Task requirements:
Make an exact copy of the lines from the one containing "4F T-shirt regular" through the end of the records below, and leave out every picture.

Extracted records:
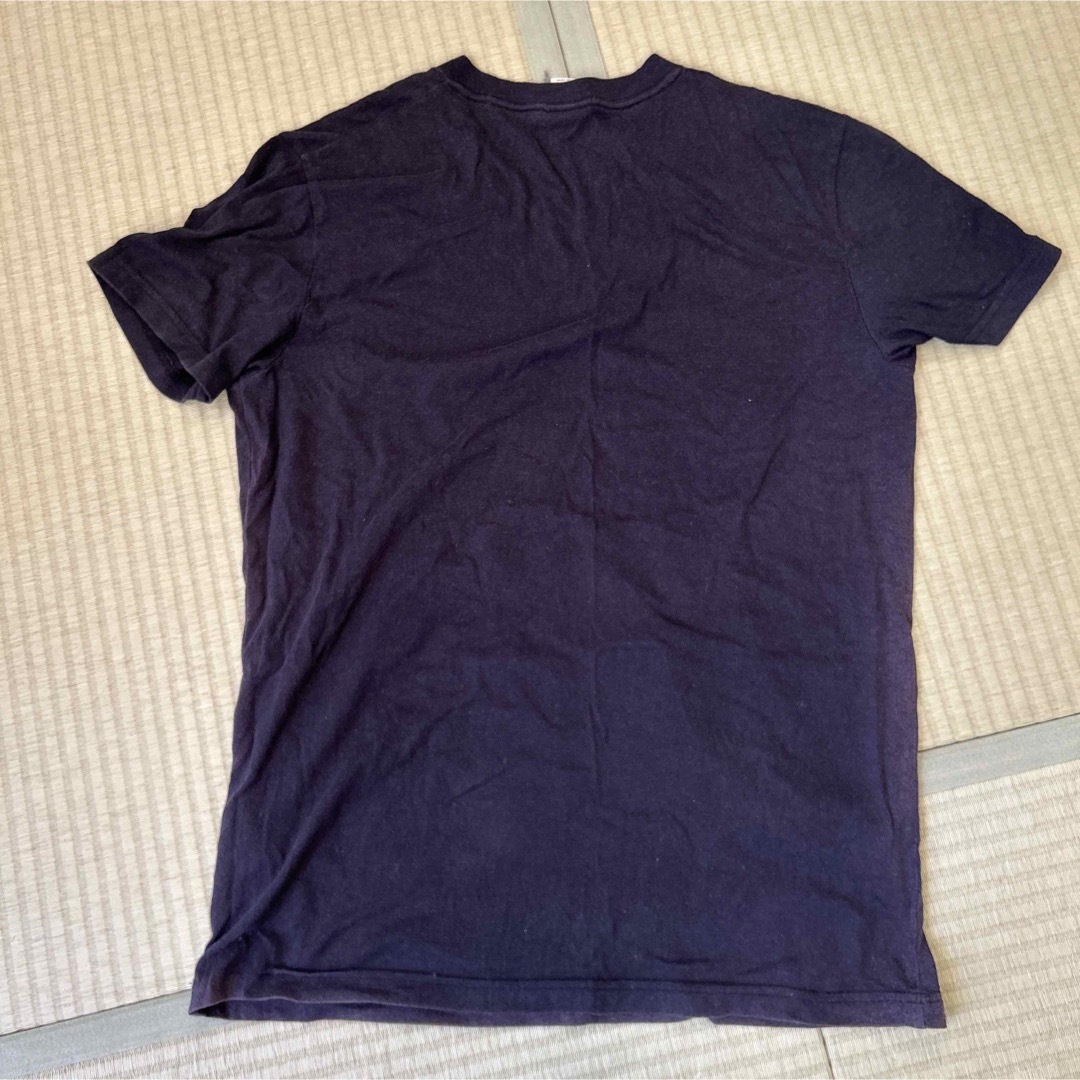 Abercrombie&Fitch(アバクロンビーアンドフィッチ)のAbercrombie&Fitch メンズ M ネイビー ロゴ刺繍 半袖Tシャツ メンズのトップス(Tシャツ/カットソー(半袖/袖なし))の商品写真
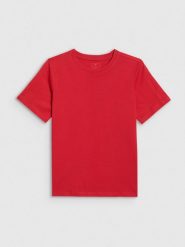 4F T-shirt regular gładki chłopięcy - czerwony 152 (11-12 lat). Czerwone t-shirty dla chłopców 4f, bez wzorów, z bawełny, bez ramiączek. Za 29.99 zł.
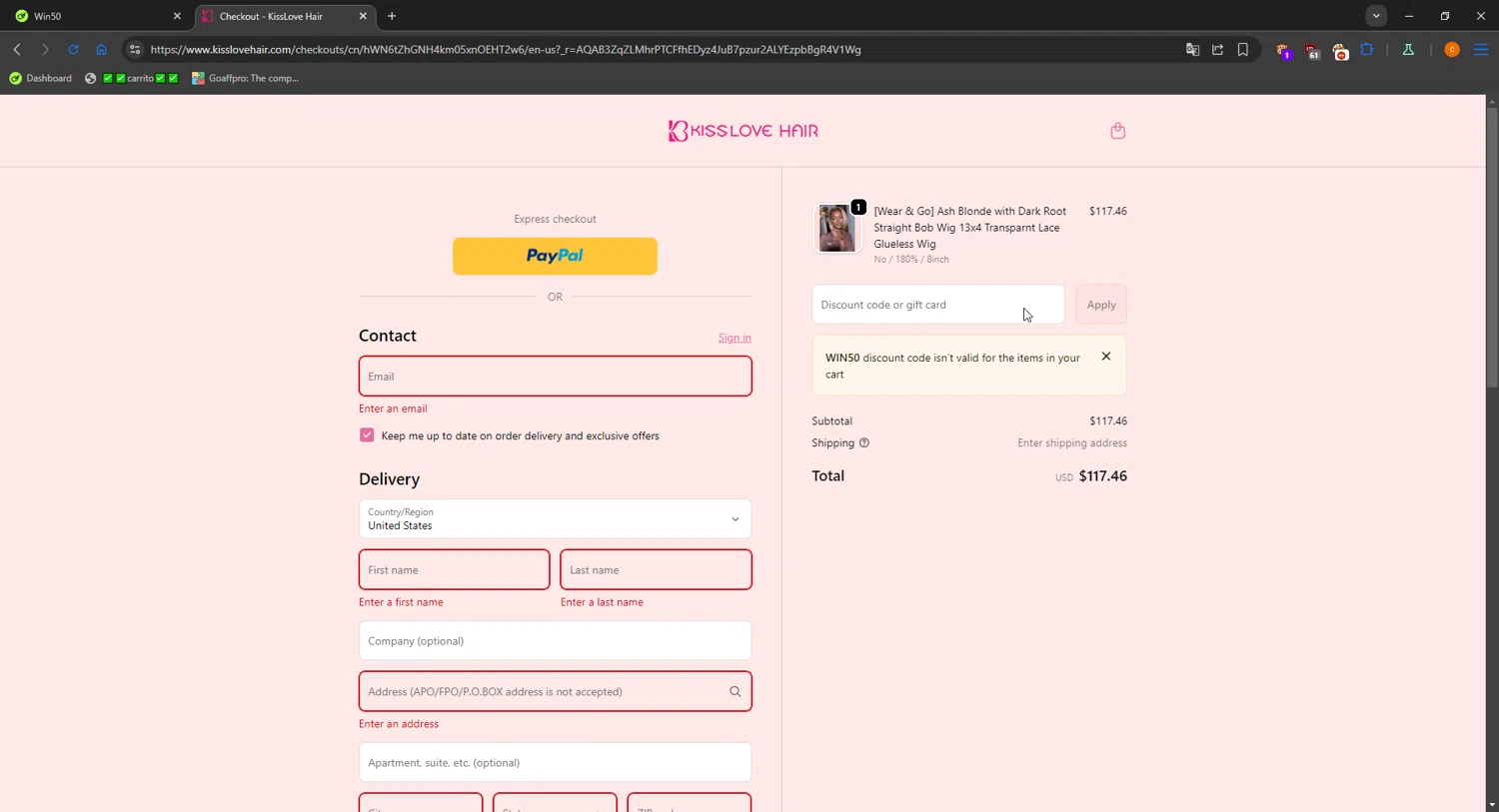 KissLove Hair promo code screenshot showing code Win50 applied at KissLove Hair checkout page. Uploaded by SimplyCodes community member LOgoter on Dec 27, 2025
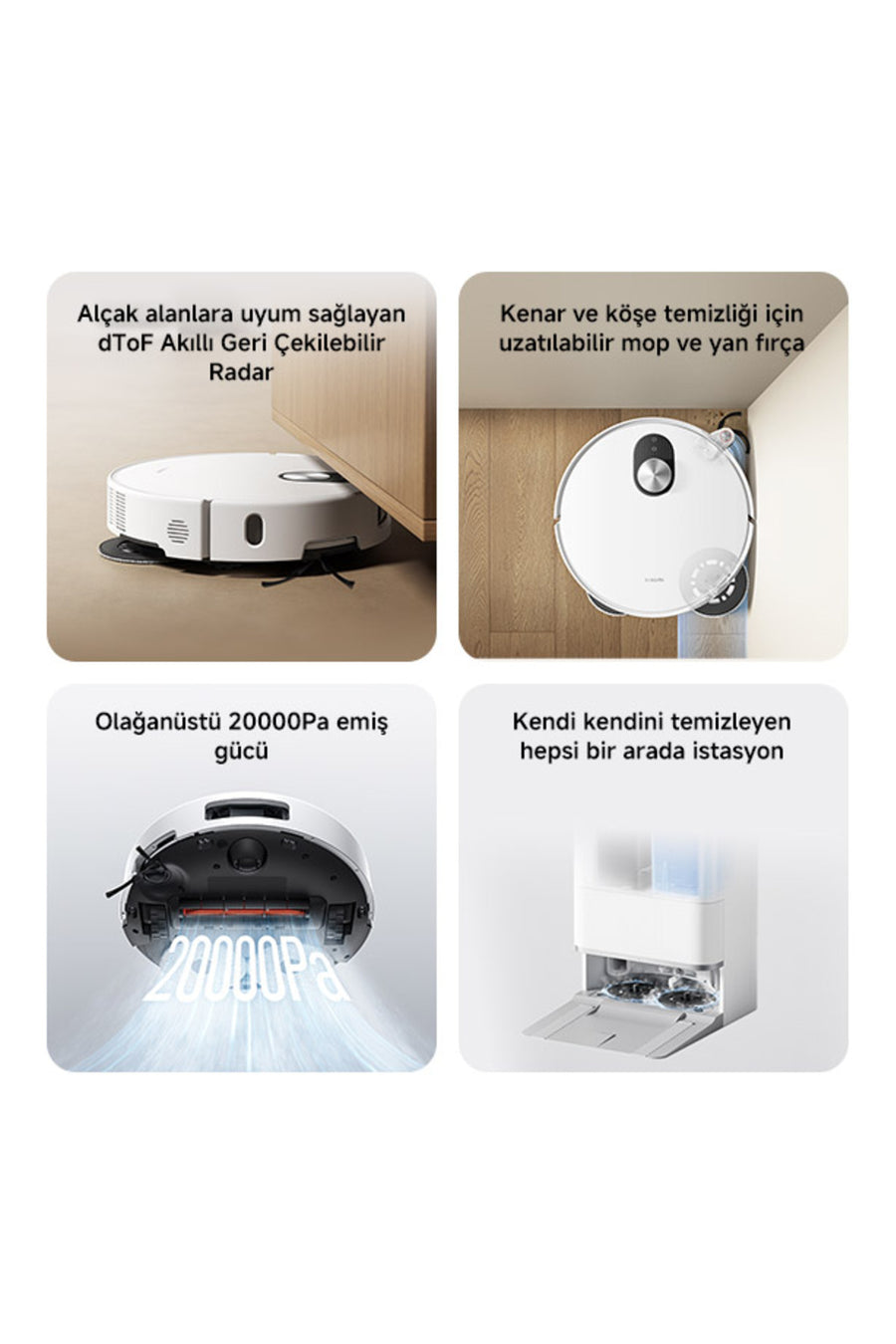 Xiaomi Robot Vacuum 5 Beyaz Akıllı Robot Süpürge 20000 Pa Emiş Gücü ( Xiaomi Türkiye Garantili)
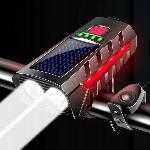 Set solarne aku. LED kolesarske svetilke in sirena 1200lm USB + zadnja luč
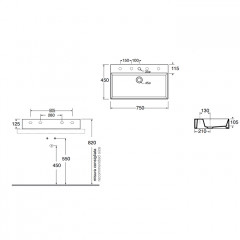 AZZURRA ELEGANCE Squared раковина подвесная/накладная 75х45см с 1 отв. под смеситель , цвет Cacao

Output below:
 4F T-shirt regular gładki chłopięcy - czerwony 152 (11-12 lat). Czerwone t-shirty dla chłopców 4f, bez wzorów, z bawełny, bez ramiączek. Za 29.99 zł.
 KissLove Hair promo code screenshot showing code Win50 applied at KissLove Hair checkout page. Uploaded by SimplyCodes community member LOgoter on Dec 27, 2025
 Xiaomi Robot Vacuum 5 Beyaz Akıllı Robot Süpürge 20000 Pa Emiş Gücü ( Xiaomi Türkiye Garantili)
 Set solarne aku. LED kolesarske svetilke in sirena 1200lm USB + zadnja luč
 AZZURRA ELEGANCE Squared раковина подвесная/накладная 75х45см с 1 отв. под смеситель , цвет Cacao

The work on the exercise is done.